We follow the philosophy of the Functional Movement Screen (FMS) as a baseline to determine each client’s quality of movement. The FMS consists of 7 movement patterns that examine symmetry, mobility, stability, and coordination in the basic movement patterns.
- Symmetry is important because, although no one has a perfectly symmetrical body, having one arm or leg much stronger or more flexible than the other will most definitely increase the risk of injury whether in the gym or in daily life.
- Mobility is generally defined as the amount of flexibility an individual can control, or the functional range of motion around each joint. For example, with the aid of a partner I might be able to lift my arms over my head, but if I cannot control that position by myself, it will not do me much good if I attempt to lift a weight overhead.
- Stability is the capability of preventing unwanted motion. This is vital for efficient movement as well as safe body control.
- Coordination through basic movement patterns is perhaps the most important aspect; without the efficiency and control that comes with familiarity, even the most elementary movements our body uses will become potentially dangerous. High quality movement, on the other hand, makes everyday life easier, more comfortable, and less risky; and enables safe loading of the basic movement patterns to produce strength gains.
For clients who do not yet possess good quality movement, we employ corrective drills that include stretching, coordination drills, and stability exercises. We also have a number of regressions to each movement pattern that present the client with a clear path from basic to advanced movement.
Many of those progressions form the basis for our strength programming. Even in our group classes where everyone does the same workout, various regressions enable most clients a chance to train in a manner customized to their body and any limitations they might have. As each individual becomes stronger and more coordinated they have more options in terms of advancing variations of each movement and with mastery of the basics comes more potential for added weight. Many clients cannot perform a free squat when they first begin training, but as they practice the movements and work on their specific imbalances it is not uncommon to eventually load these movements with significant amounts of weight.

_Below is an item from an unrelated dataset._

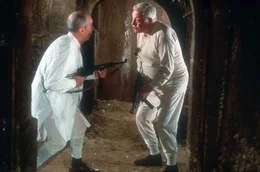 Kunsth&auml;ndler Balduin Mezeray (Louis de Funes, l.) vernimmt Ger&auml;usche aus den Kellergew&ouml;lben des Schlosses. Mit einem Gewehr bewaffnet, geht er den unheimlichen Ger&auml;uschen auf den Grund und trifft auf den ebenfalls ver&auml;ngstigten Legrain (Jean Gabin).  +++ Die Verwendung des sendungsbezogenen Materials ist nur mit dem Hinweis und Verlinkung auf RTL+ gestattet. +++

Our strength programming itself is usually fairly simple but not always easy. Low repetitions ensure a high level of concentration and good quality practice so that the movements are learned more easily and performed more safely. Though the strength movements are often supported by accessory exercises including everything from athletic drills, bodybuilding, conditioning and endurance training, the focus is always on the fundamental movements. Pushing, pulling, hinging, squatting and carrying weights in different positions, form the basis for almost all of our strength training. For the most part, we use kettlebells, barbells, or bodyweight exercises instead of machines. The lack of external support and the challenge of fighting gravity mean that gaining strength in the manner we perform these exercises will better carry over to real world tasks whether that is lifting a bag of groceries or competing in an athletic event.